## Action item
Your answer must be an exact copy of the data, without any pictures.

Start of Provided material

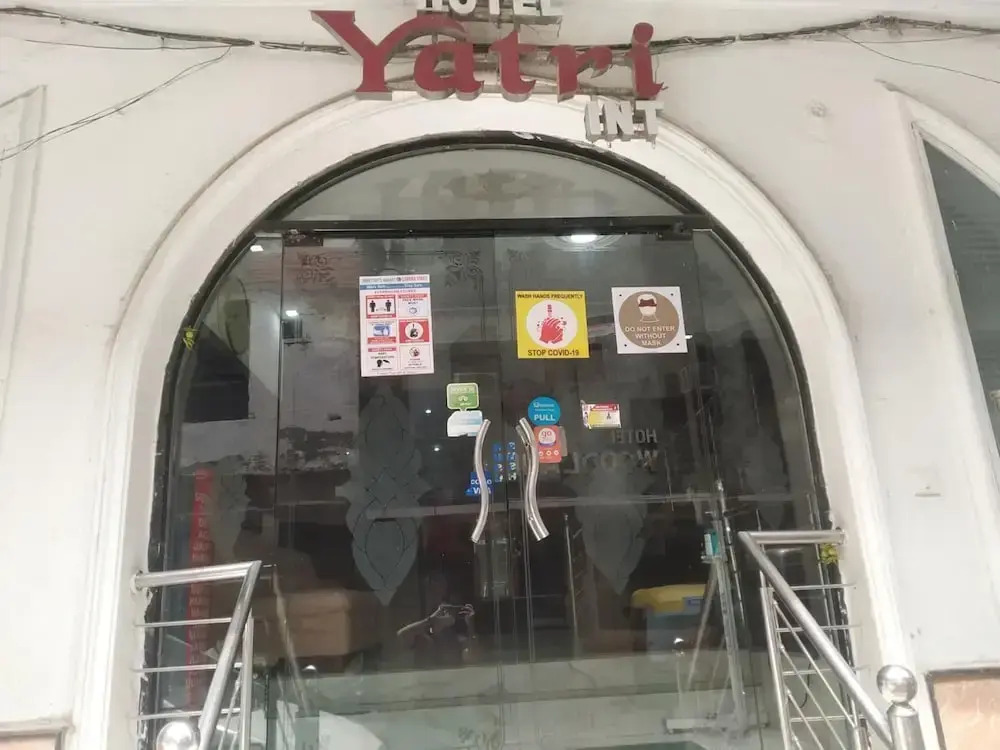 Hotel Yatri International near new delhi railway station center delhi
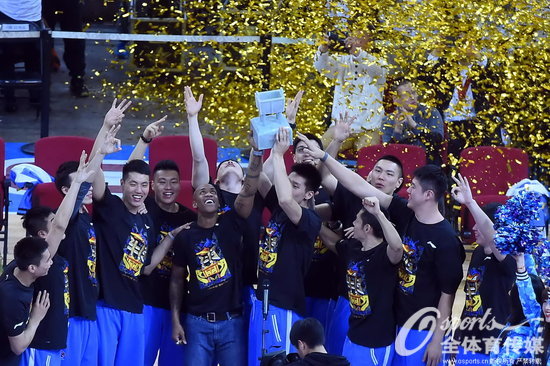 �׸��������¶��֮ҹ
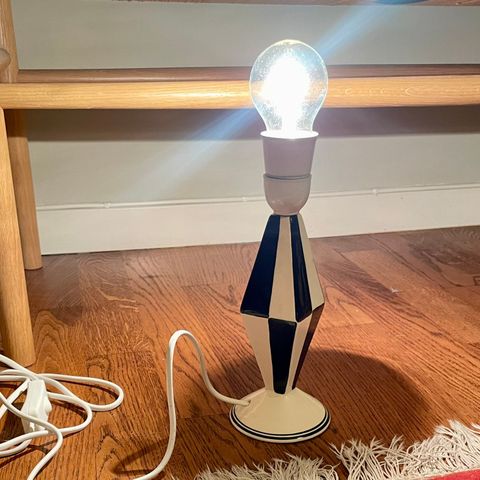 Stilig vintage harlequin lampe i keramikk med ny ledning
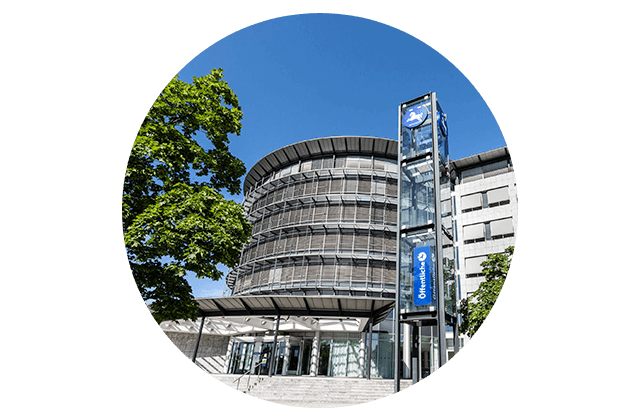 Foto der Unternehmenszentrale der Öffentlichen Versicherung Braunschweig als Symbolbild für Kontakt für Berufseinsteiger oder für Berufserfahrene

End of Provided material

## Response
 Hotel Yatri International near new delhi railway station center delhi
 �׸��������¶��֮ҹ
 Stilig vintage harlequin lampe i keramikk med ny ledning
 Foto der Unternehmenszentrale der Öffentlichen Versicherung Braunschweig als Symbolbild für Kontakt für Berufseinsteiger oder für Berufserfahrene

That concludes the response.